Next IMF loan will be ‘the last’: Pakistan finance minister

Next IMF loan will be 'the last': Pakistan finance minister
AFP

Islamabad (AFP) – Pakistan’s finance minister promised Saturday to end the country’s reliance on International Monetary Fund bailouts to shore up its shaky economy, as officials prepare to negotiate a new loan.

Asad Umar’s pledge comes days after Pakistan’s central bank warned inflation could double in the coming year — hitting 7.5 percent — while the country’s growth target rate of 6.2 percent would likely be missed.

“This will be the 13th and the last IMF programme,” Umar said during a speech at the Karachi Stock Exchange.

Prime Minister Imran Khan’s administration has sent mixed messages over whether Pakistan will enter another IMF programme, with the former cricketer suggesting this week that going to the fund may not be necessary.

But Umar spoke in grave terms of the country’s balance of payment crisis, which has sparked a depreciation of the rupee and sent stocks tumbling.

“We are heading towards bankruptcy very fast.
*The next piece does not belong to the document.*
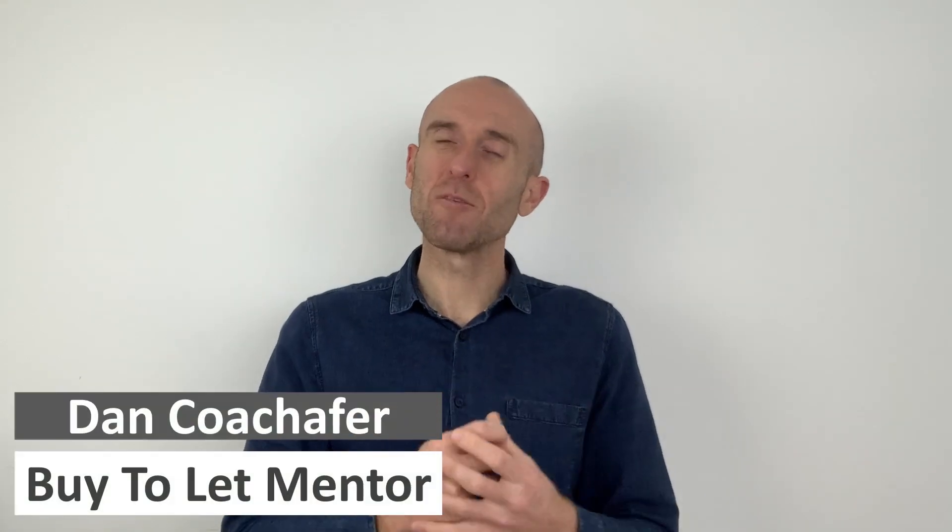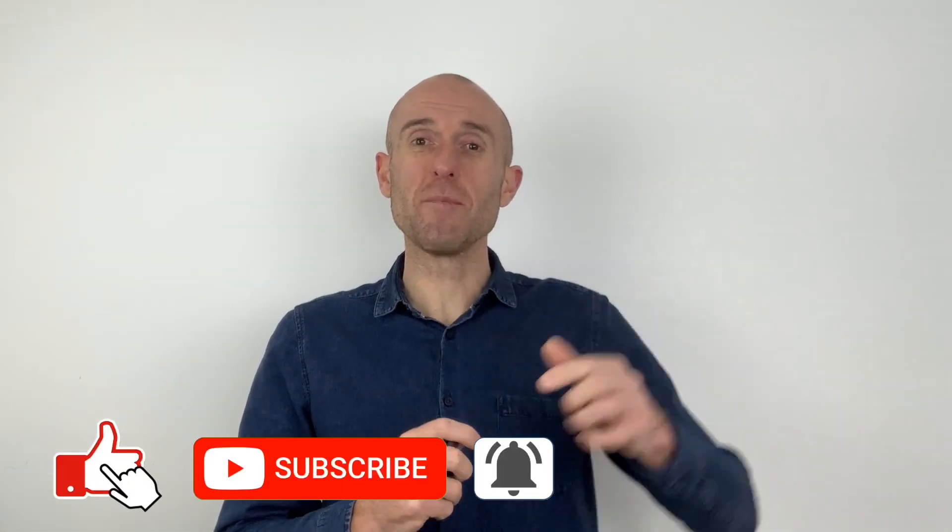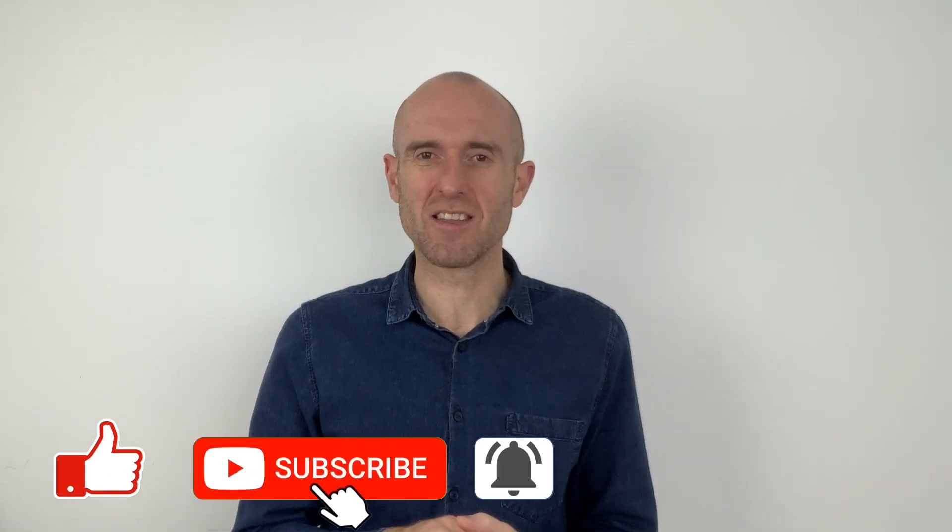So you want to know if you can rent a buy-to-let property to a family member. My name's Dan, welcome to another video. If it's your first time here and you're interested in hearing about all things UK buy-to-let property related, make sure you start now by subscribing and clicking the bell to ensure that you don't miss a thing.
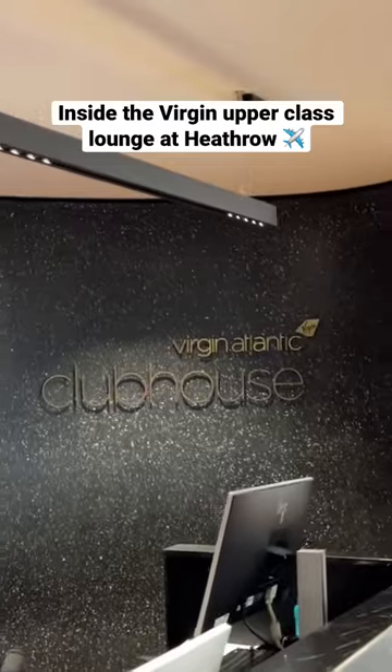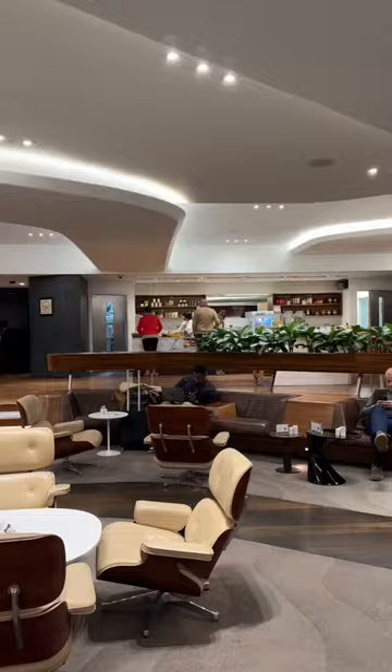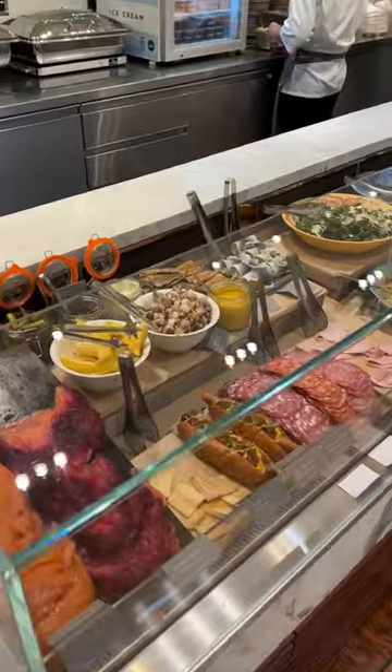Today we're going to be checking out the Upper Class Virgin Lounge at Heathrow Airport. This stylish, spacious and modern lounge has some of the most amazing food and drink options.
We have to save the 210 million Pakistanis,” Umar added. 

An IMF team is set to arrive in Pakistan in early November to begin negotiations.

Similar vows to end reliance on IMF loans have been made by past governments including former premier Nawaz Sharif’s administration, which received a $6.6 billion loan to tackle a similar crisis in 2013.

Khan’s new administration took office in August vowing to weigh up whether to seek an IMF bailout as it sought other avenues of financing, including from “friendly” countries such as China and Saudi Arabia.

But aid has been in short supply and economists’ warnings have grown urgent.

The government also announced this week that Khan would attend a controversial Saudi Arabian investment summit in the coming days.

The meeting has been shunned by leading policy-makers and corporate chiefs in response to the death of journalist Jamal Khashoggi at the Saudi consulate in Istanbul — a scandal that has tipped Riyadh into a diplomatic crisis.